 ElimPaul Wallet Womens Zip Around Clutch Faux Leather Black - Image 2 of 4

......

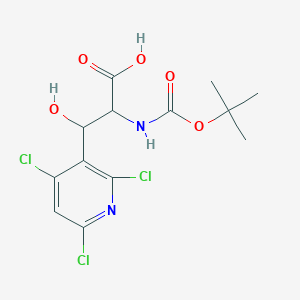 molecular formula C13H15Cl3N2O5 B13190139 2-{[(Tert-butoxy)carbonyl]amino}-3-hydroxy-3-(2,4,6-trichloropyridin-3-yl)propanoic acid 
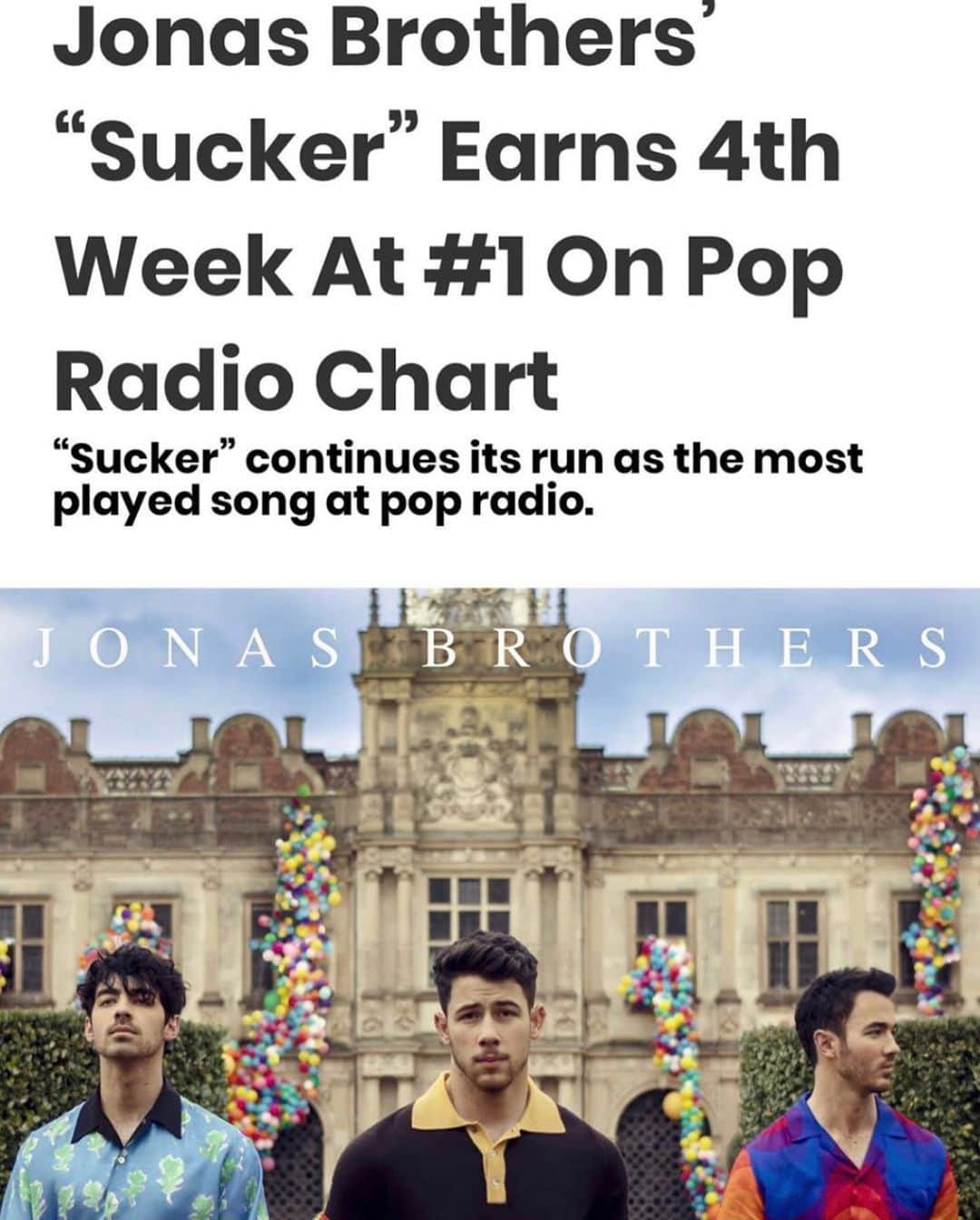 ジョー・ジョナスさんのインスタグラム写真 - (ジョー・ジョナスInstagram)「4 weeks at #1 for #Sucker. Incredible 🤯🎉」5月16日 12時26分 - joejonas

......

**Problem**
Set down, exactly as written above, each line from the one with "molecular formula C13H15Cl3N2O5" through the one with "ジョー・ジョナスさんのインスタグラム写真 - (ジョー・ジョナスInstagram)「4", and skip the pictures.

**Written answer**
 molecular formula C13H15Cl3N2O5 B13190139 2-{[(Tert-butoxy)carbonyl]amino}-3-hydroxy-3-(2,4,6-trichloropyridin-3-yl)propanoic acid 
 ジョー・ジョナスさんのインスタグラム写真 - (ジョー・ジョナスInstagram)「4 weeks at #1 for #Sucker. Incredible 🤯🎉」5月16日 12時26分 - joejonas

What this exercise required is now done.